February 19, 2008.
In an action to recover damages for legal malpractice, the plaintiffs appeal from an order of the Supreme Court, Dutchess County (Pagones, J.), dated October 20, 2006, which granted the defendants' motion for summary judgment dismissing the complaint.
Godosky Gentile, P.C., New York, N.Y. (David M. Godosky of counsel), for appellants.
Steinberg Cavaliere, LLP, White Plains, N.Y. (Ronald W. Weiner of counsel), for respondents.
Before: Spolzino, J.P., Ritter, Miller and Dicker son, JJ.
Ordered that the order is reversed, on the law, with costs, and the defendants' motion for summary judgment dismissing the complaint is denied.
The plaintiff Kathleen Velie allegedly was injured when she slipped and fell on ice in the parking lot at her place of employment. The plaintiffs contend, inter alia, that the defendants, their former attorneys, committed legal malpractice by failing to timely commence a negligence action against the snow removal contractors.
To establish a cause of action to recover damages for legal malpractice, a plaintiff must prove that the defendant attorney failed to exercise "the ordinary reasonable skill and knowledge commonly possessed by a member of the legal community, and that the attorney's breach of this duty proximately caused plaintiff to sustain actual and ascertainable damages" ( Rudolf v Shayne, Dachs, Stanisci, Corker Sauer, 8 NY3d 438, 442 [internal quotation marks omitted]; see Simmons v Edelstein, 32 AD3d 464; Tortura v Sullivan Papain Block McGrath Cannavo, P.C., 21 AD3d 1082). To succeed on a motion for summary judgment, the defendant in a legal malpractice action must present evidence in admissible form establishing that the plaintiff is unable to prove at least one of these essential elements ( see Town of N. Hempstead v Winston Strawn, LLP, 28 AD3d 746; Linder v Dranoff, 22 AD3d 812; Dimond v Kazmierczuk McGrath, 15 AD3d 526; Ostriker v Taylor, Atkins Ostrow, 258 AD2d 572).
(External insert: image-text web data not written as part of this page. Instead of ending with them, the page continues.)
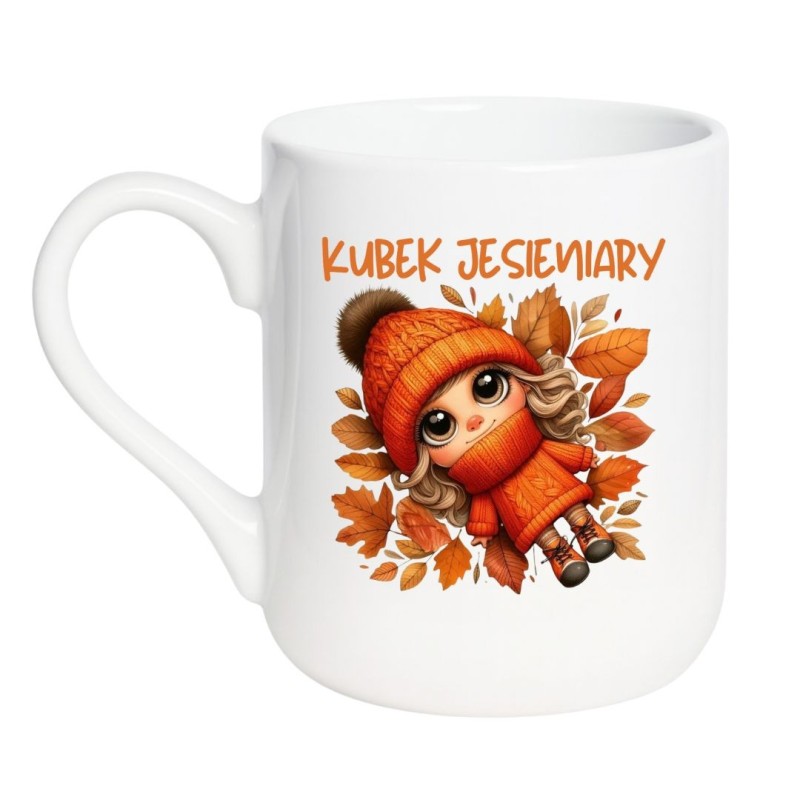 Kubek elegancki biały 330 ml z nadrukiem jesiennym – uroczy dodatek do biura lub domu, doskonały prezent sezonowy.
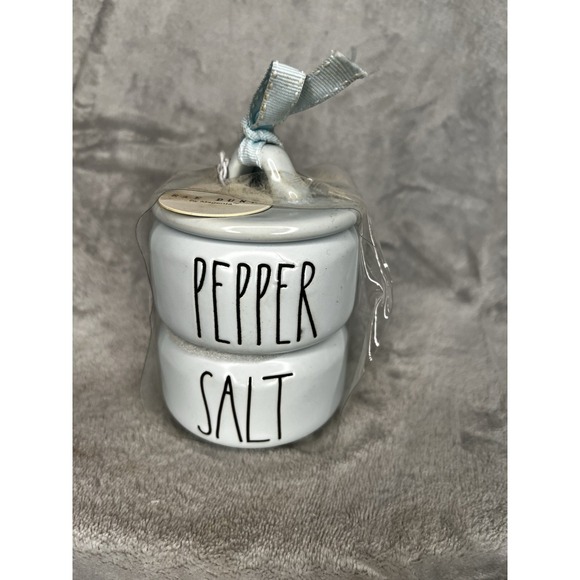 Rae Dunn Other - Rae Dunn Light Blue Stackable Salt & Pepper Cellars With Lid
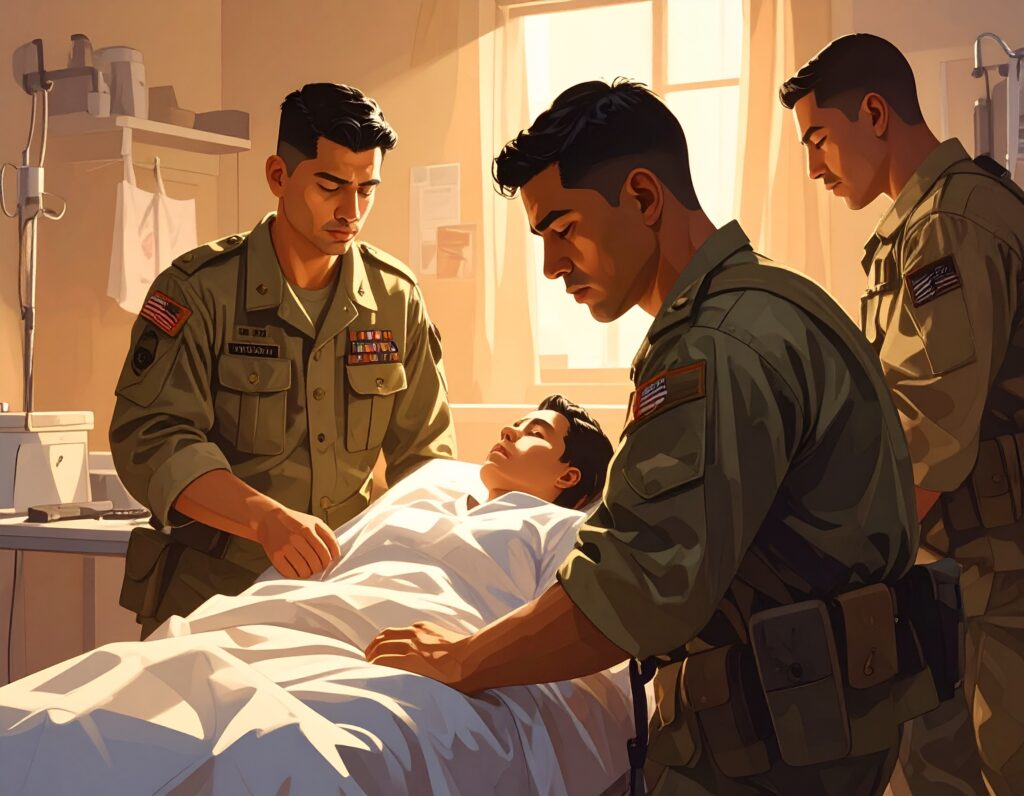 Scène illustrée dans un hôpital : plusieurs militaires en uniforme entourent un patient allongé sur un lit médicalisé. Ils veillent attentivement sur lui, dans une atmosphère calme et solidaire, évoquant les premiers dispositifs de prise en charge et de protection sociale des blessés.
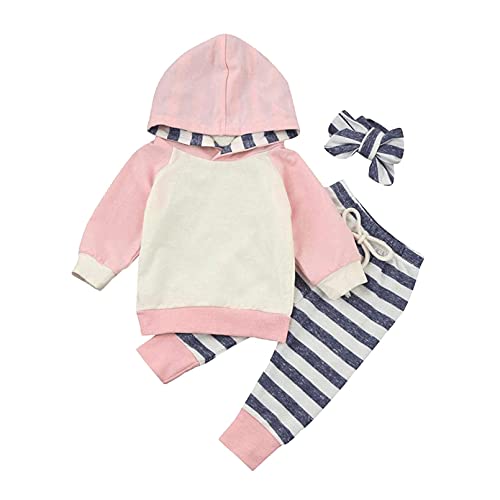TMEOG Babykleidung Mädchen Set Neugeborenes Bekleidungsset Hoodie Sweatshirts Top Pants Baby Mädchen Stirnband Kleinkind Baby Outfits Jogginganzug von TMEOG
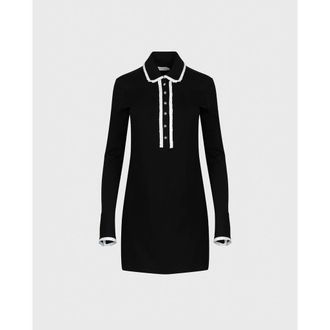 Anne Fontaine Womens Dress Estampe Black Long Sleeve Dress Featuring Classic Collar And Half-Placket With Pleated Trims at Nordstrom, Size 38 Eu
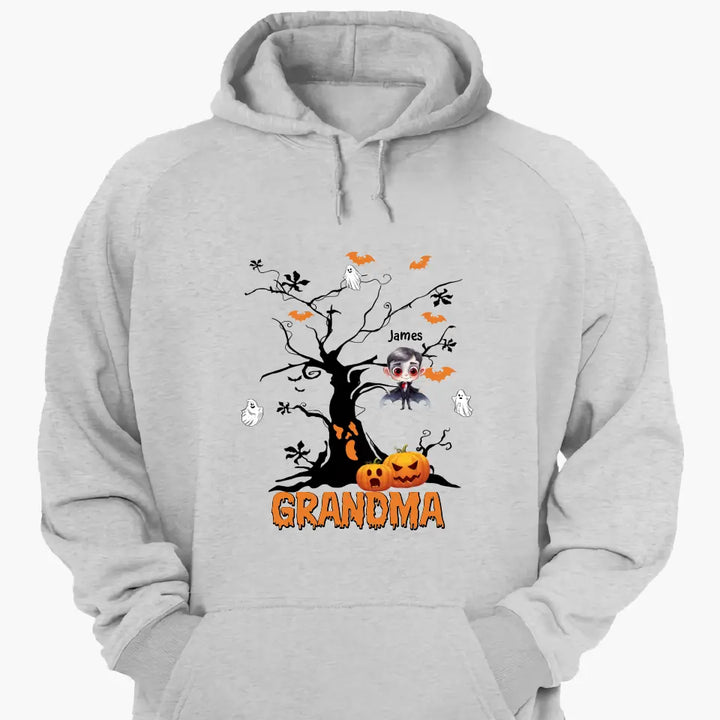 Personalized Custom T-shirt - Halloween Gift For Grandma, Mom, Dad - Halloween Monsters Kid Tree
The Supreme Court erroneously granted the defendants' motion for summary judgment dismissing the complaint. The defendants failed to sustain their prima facie burden of demonstrating that the plaintiffs were unable to prove one of the essential elements of their malpractice cause of action ( see Suydam v O'Neill, 276 AD2d 549; Shopsin v Siben Siben, 268 AD2d 578).